The Biological Approach

The biological approach (or the medical model) is based on the view that psychological disorders can be explained in the same way as physical disorders, i.e. they are manifestations of an underlying biochemical or physiological dysfunction, which may or may not have a known cause. The biological approach is also called the medical model because it is based on the idea of diagnosing physical symptoms and providing appropriate treatments, as is done with physical illness.

  • Genetic transmission – Mental illness is the result of an inherited gene or group of genes. Evidence comes from twin or family studies. For example, Gottesman and Shields (1972) found that concordance rates for schizophrenia in non-identical twins is about 9%, whereas it rises to 42% in identical twins, indicating some environmental influence, but a larger genetic component for the disorder. A ‘concordance rate’ is the extent to which two things are related, in this case how frequently both twins have the same disorder. Other studies have used gene-mapping to demonstrate the location of the actual gene(s) that cause the disorder. For example, Meyer et al. (2001) found that a mutation in the gene WKL1 showed up in seven family members with a particular form of schizophrenia, but not in six others who had no symptoms of the disorder.
  • Biochemical abnormalities – Many studies have found abnormal levels of certain neurotransmitters and/or hormones. For example, depression has been linked to low levels of noradrenaline and serotonin, and schizophrenia has been linked to high levels of dopamine. Some forms of depression are related to disordered hormone levels, such as post-partum depression and pre-menstrual syndrome. Abnormal brain chemistry may be the result of faulty genes – Meyer et al. propose that the unusual form of WKL1 found in some schizophrenics may cause abnormal protein production. Or, abnormal brain chemistry could be the effect of mental illness. Either way, the use of drugs to return neurotransmitters or hormones to normal levels has been shown to be effective.

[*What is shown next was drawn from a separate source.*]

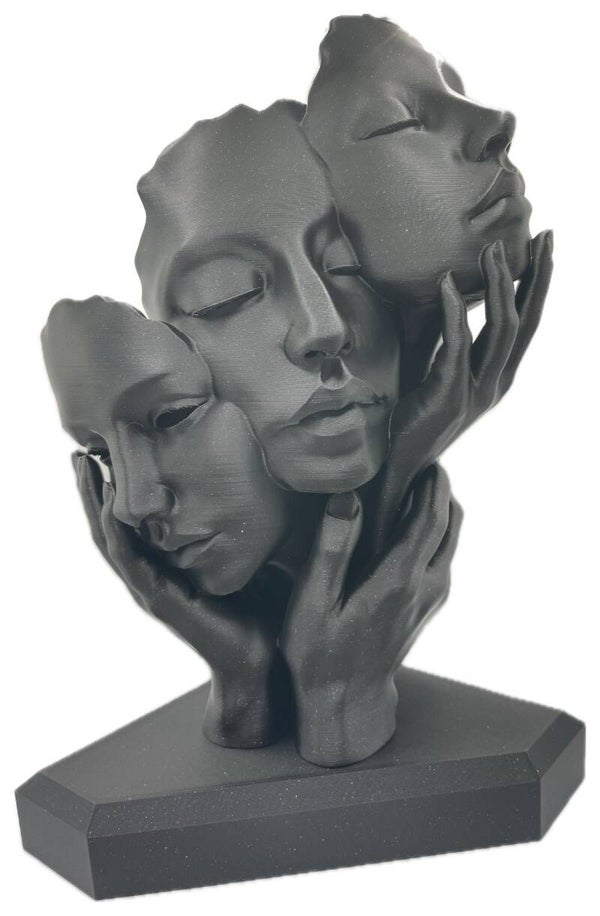 Sculpture 3 gezichten met drie handen op een sokkel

The medical approach involves the diagnosis of syndromes (or diseases) by identifying symptoms and then deciding on appropriate treatment. The medical model involves the use of classification systems, such as DSM (Diagnostic and Statistical Manual of Mental Disorders) in which each mental disorder is given a list of typical symptoms to help diagnose mental illness. DSM is used in America, whereas ICD (International Classification of Diseases) is used in the UK and Europe.
  • Neuroanatomy – The structure of the brain has sometimes been found to be different in people with certain mental disorders. For example, Chua and McKenna (1995) reported that the brains of schizophrenic patients were smaller and had larger ventricles than the brains of normal individuals.
  • Infection – Mental disorders may be caused by a virus or bacteria. For example, general paresis was regarded since the 16th Century as a mental illness, but has since been found to be caused by the syphilis bacterium. Crow (1984) proposed that schizophrenia is caused by a retrovirus, which becomes incorporated into DNA.

Strengths:

  • The medical treatment of insanity was a move in the direction of humaneness. The illness, rather than the patient, was blamed. On the other hand, control is taken away from the patient, who relies on expert guidance. The medical model is the

    dominant model for explaining and treating mental illness. It tends to be favoured by psychiatrists, whereas clinical psychologists favour psychological models.

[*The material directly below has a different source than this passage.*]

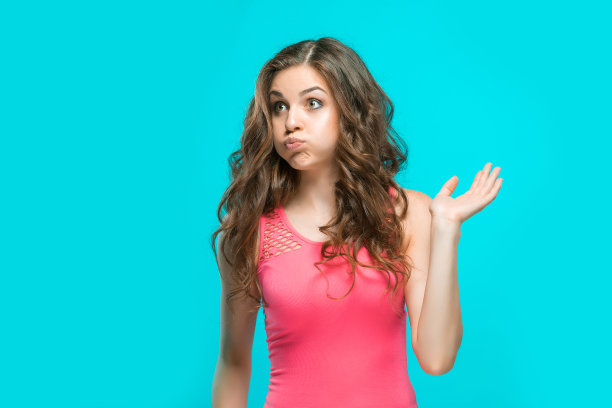 这位年轻女子的肖像洋溢着幸福的情感图片下载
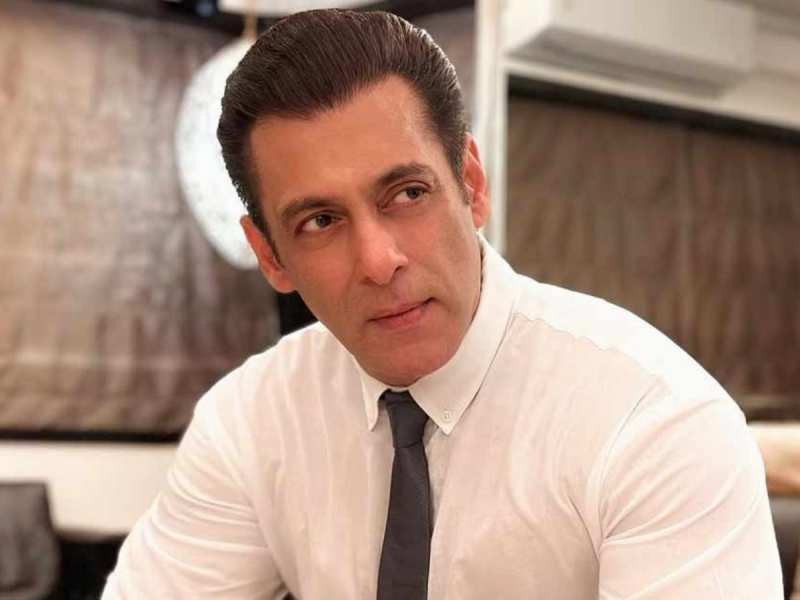 Salman Khan के नाम पर फर्जीवाड़ा, प्रोडक्शन कंपनी ने जारी किया नोटिस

  • At least some disorders have a biological basis. However, an exclusive emphasis on biological bases may mean that other factors are overlooked.

Weaknesses:

  • In many cases, it is not clear whether the physical factor is actually an effect rather than a cause.
  • The medical model may be appropriate for physical illness, but not for mental illness where symptoms are less objective. It overlooks the fact that mental disturbance is often defined in terms of social difficulties. In fact, Clare (1980) pointed out that many physical illnesses also have a social-psychological component and, therefore, the medical model may be insufficient on its own even for physical illnesses.
  • The medical approach may prevent us understanding the true causes of mental disorders. Szasz (1960) argued in his book The Myth of Mental Illness that the medical model is ‘worthless and misleading’ and ‘scientifically crippling’. He claimed that it is a modern day version of demonology and serves the same political purposes, namely social control, by those invested with undisputed authority – the medical profession.
  • The medical approach purports to be value-free and scientific, but is just as subject to prevailing attitudes as other models.

A combined approach: The diathesis–stress model

It may be more realistic to combine the biological and psychological models. Mental illness arises when both factors combine:

  • Diathesis: a genetic vulnerability or predisposition.
  • Stress: some environmental event that triggers the predisposition.

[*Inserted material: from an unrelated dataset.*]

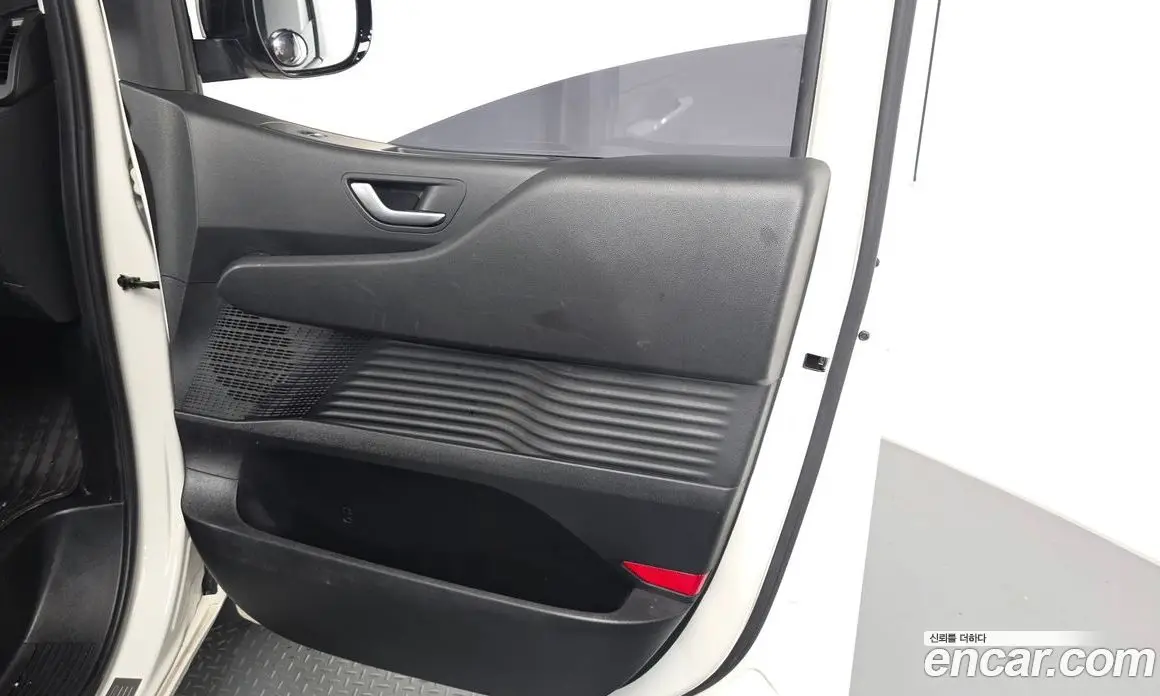 Hyundai Staria 2022 2.2 АКПП, фото 13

The diathesis–stress model explains why, when one identical twin develops a disorder, their twin does not always develop the disorder –

because they do not both experience the same environmental triggers. It also explains why people who share certain traumatic experiences do not all develop, for example, depression – because some people are more vulnerable to develop depression.

PROGRESS CHECK

  1. Identify one key feature of the biological approach.
  2. Would you expect identical or non-identical twins to have a higher concordance rate for schizophrenia?
  3. Identify one similarity between mental and physical illnesses.
  4. What is the diathesis–stress model?